Money Smart Kids – How to Ensure Yours Is

Teaching your children how to handle money intelligently is a lifelong gift. When many of us hear this, it evokes images of parental lectures about the value of a dollar and mowing lawns for a few bucks. It goes beyond that, however. Really weaving an understanding about money and how to handle it is something parents need to do deliberately. Helping your kids learn how to handle money also helps them become more independent.

Here are some suggestions on how to help your kids become money smart.

Watch What You Say and Do

Just when you think they’re not listening, children pick up on things you say and do. If you are always complaining about money, for instance, your children may pick up on this and develop a skewed idea of what money is and does.
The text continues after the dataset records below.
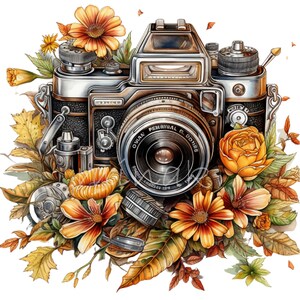 Vintage Camera PNG Clipart, 12 Floral Retro Camera Illustration ...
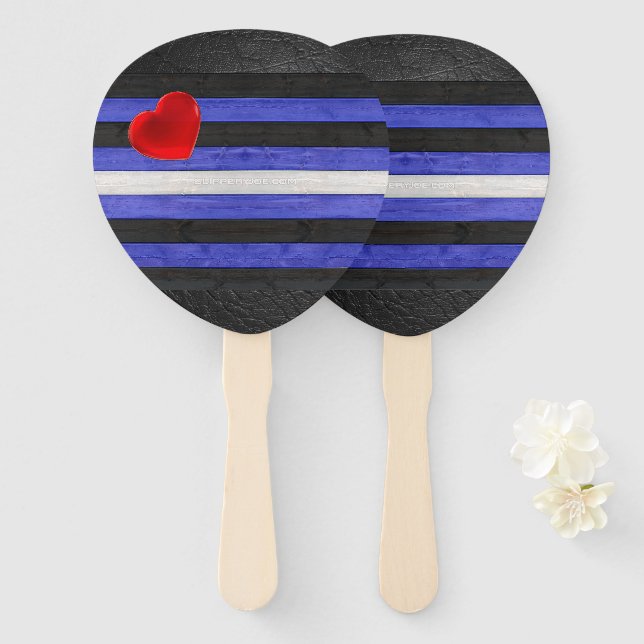 SlipperyJoe's leather pride flag black royal blue  Hand Fan (Front and Back)
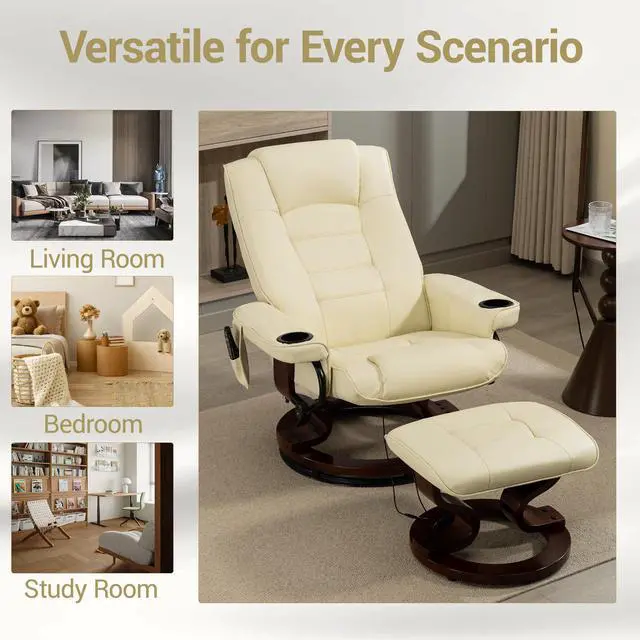 Alt view image 7 of 7 - VANBOW Massage Recliner with Ottoman Swivel Wood Base, Adjustable Recline, Faux Leather Lounge Chair with Footrest for Living Room and Bedroom, Beige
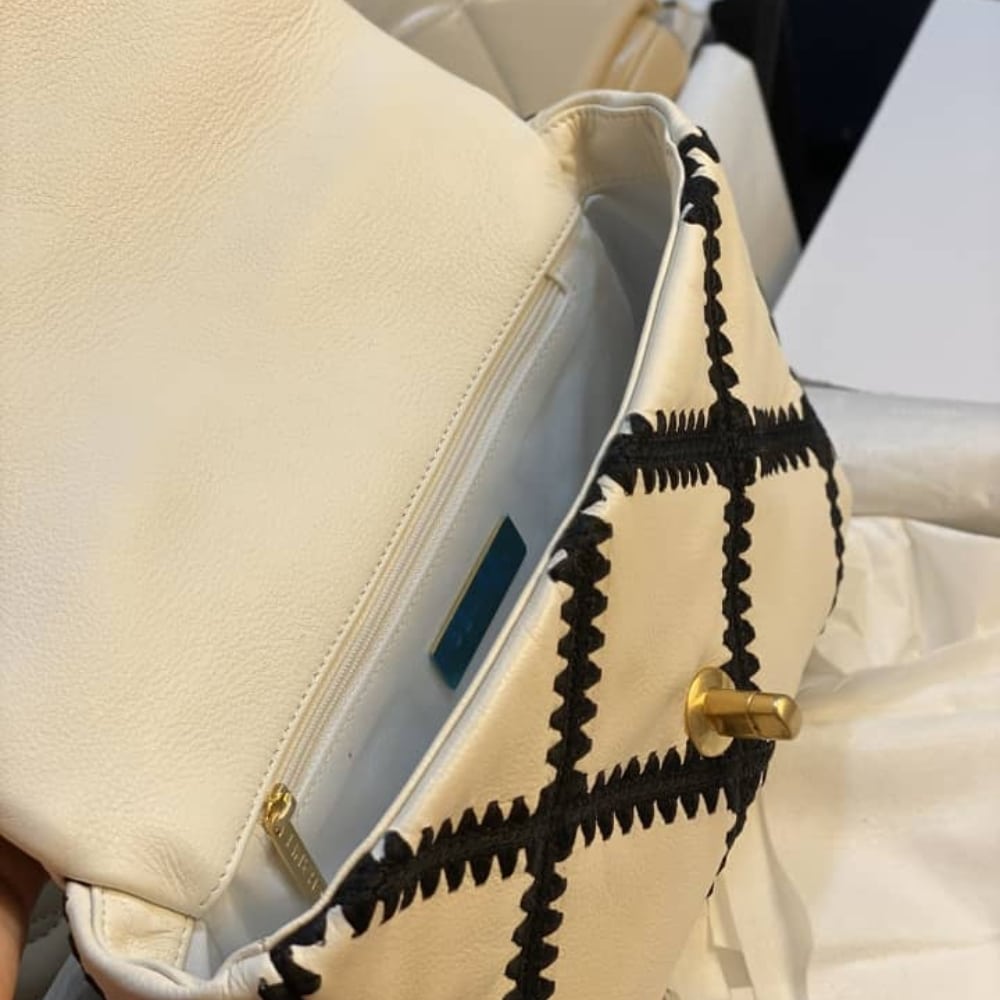 Chanel 19 Flap Bag Crochet Gold And Silver Tone White Black 24Cm AS1160 B04824 C0200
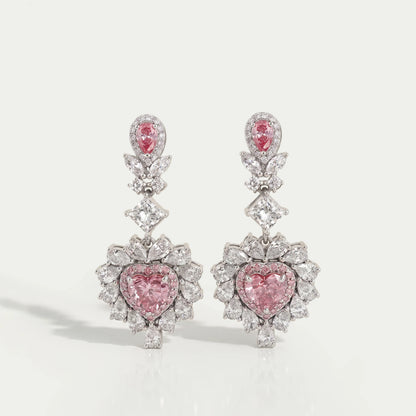 Pink Heart Cut Double Halo Drop Dangle Earrings Earrings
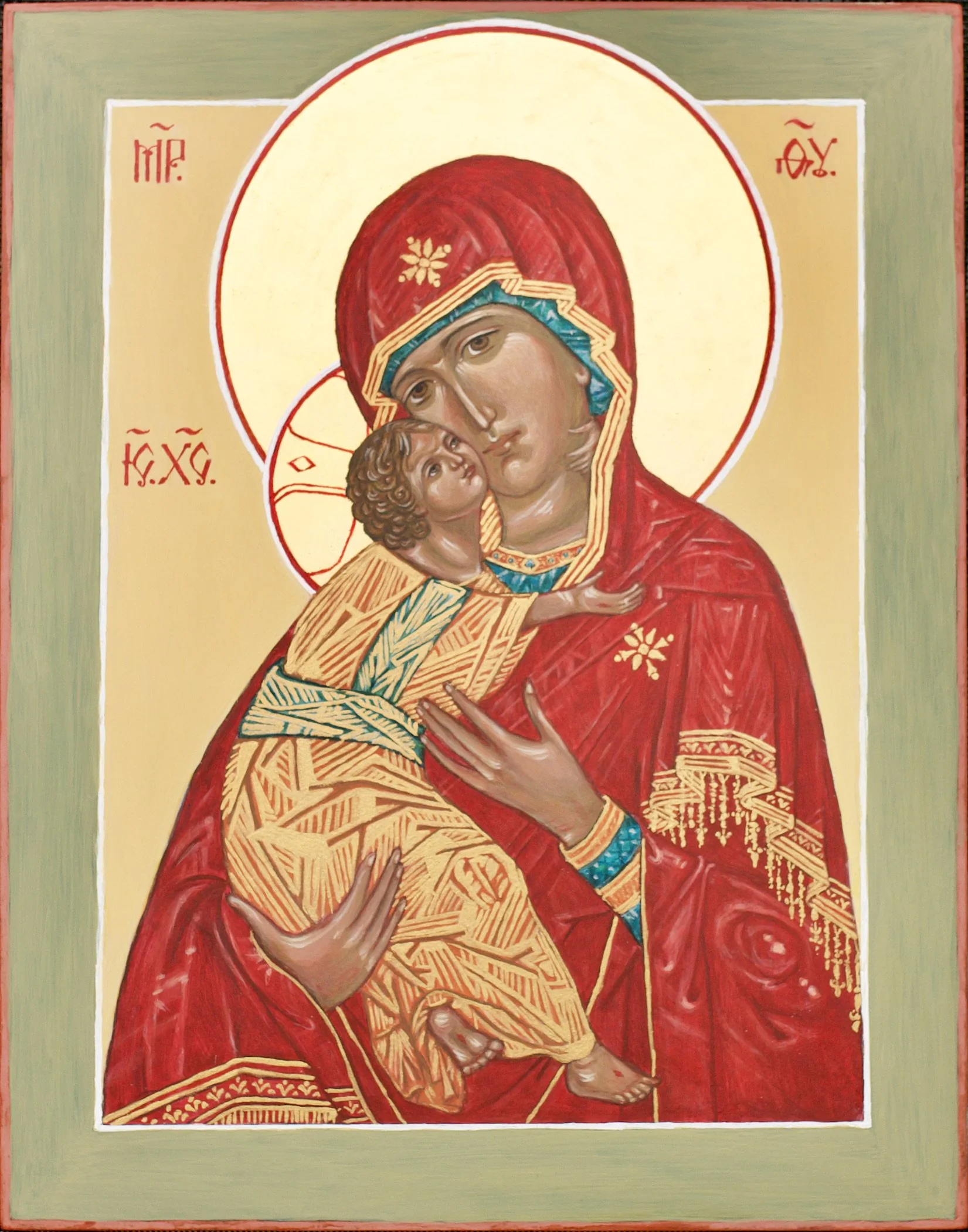 Our lady of Vladimir (2021) 30 x 22.5 cm Acrylics and gold leaf on gesso panel. 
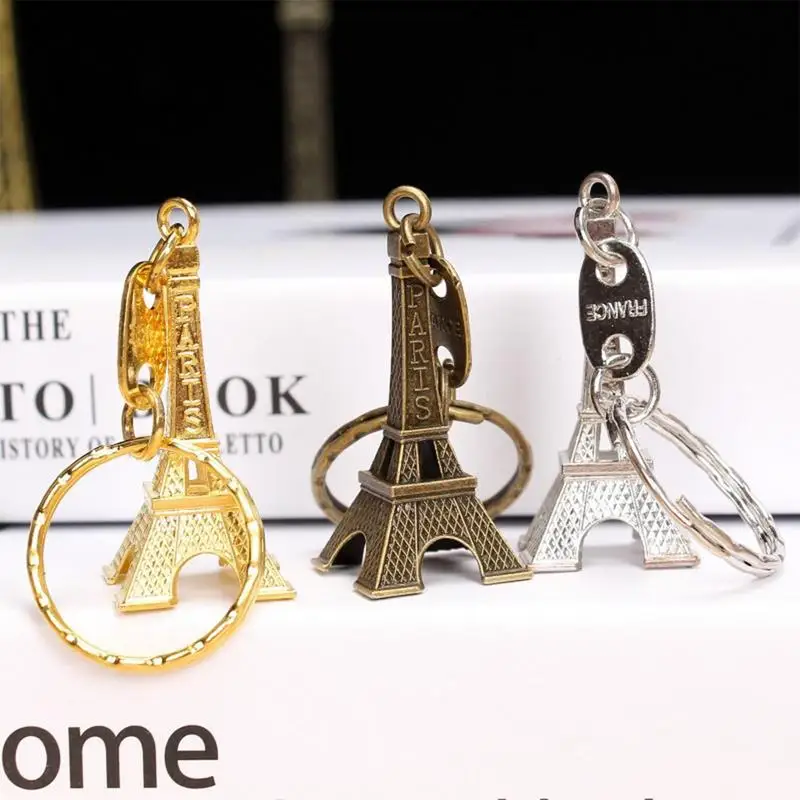Key Chain Ring Tower Keychains Bronzed Creative Metal Creative Model Keyring Keyring Trinket Backpack Decor Key Accessories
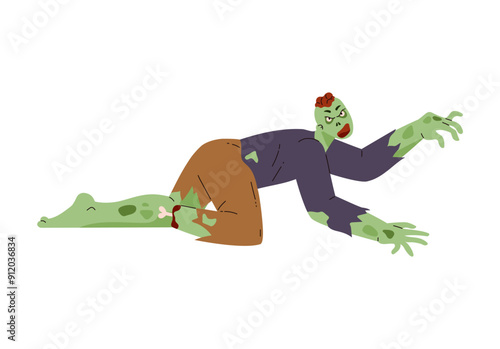 Vector illustration of a zombie without a leg with that crawls in search of prey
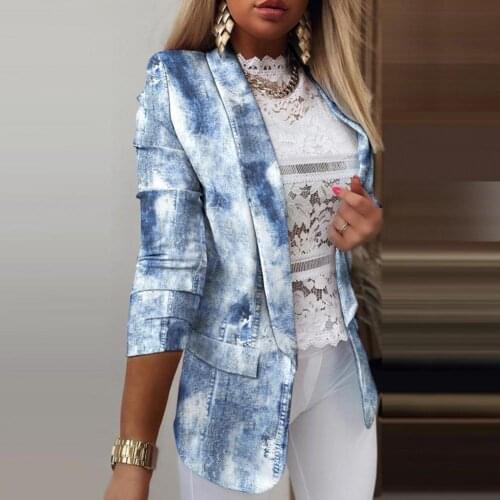 2021 New Fashionable Formal Office Long Sleeve Coat Cardigan Striped Printed Blazers Cardigan Lady Suits for Work Commute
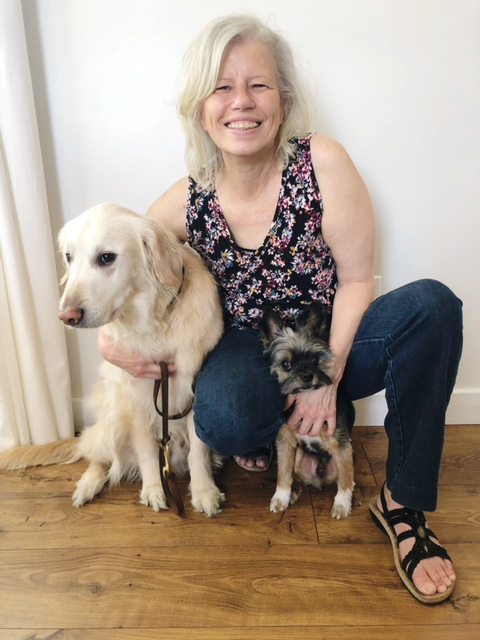 Ramona Rice with her two dogs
Be aware of what your child sees you doing, too. If you always pay for things by credit card or by getting cash from the ATM, take a moment or two to explain to your child what’s really going on. Real money still has to pay for those things; plastic cards and machines don’t just give out money.

Include Your Kids

While it’s not a good idea to make your kids sit through a recitation of all your bills, try to include them in some of the financial goings-on around your home. As soon as your child can count, begin at the very beginning: teach them the names and values of coins. Seize the moment to point out realities about money – if your child complains about how much a parent works, explain that working is how we get money and money is what we need for food and clothes and toys.

Make It Real

For young children, playing “store” can be an important lesson not only in math but in money management. Using play money, set up a store and price items in your house appropriate to your child’s age level. Give her a certain amount of money, and show her how there are some things she has enough money to purchase and some things she can’t.

Earn It

One key to being money smart is learning to control impulse buying. This doesn’t mean that you never buy anything on impulse – sometimes an unexpected sale really is too good to pass up – but it does mean that impulse buying should not characterize how your child deals with money.

One way to help offset this tendency to be impulsive with money is to help your child earn and save up enough money to buy something special that he wants. In this day and age of credit cards, young people often get this backwards – buy the item now, pay later. Help them understand it the other way around.

It’s worth noting that you probably can’t expect your child to avoid credit cards and loans altogether. So teach her how to use these financial tools properly.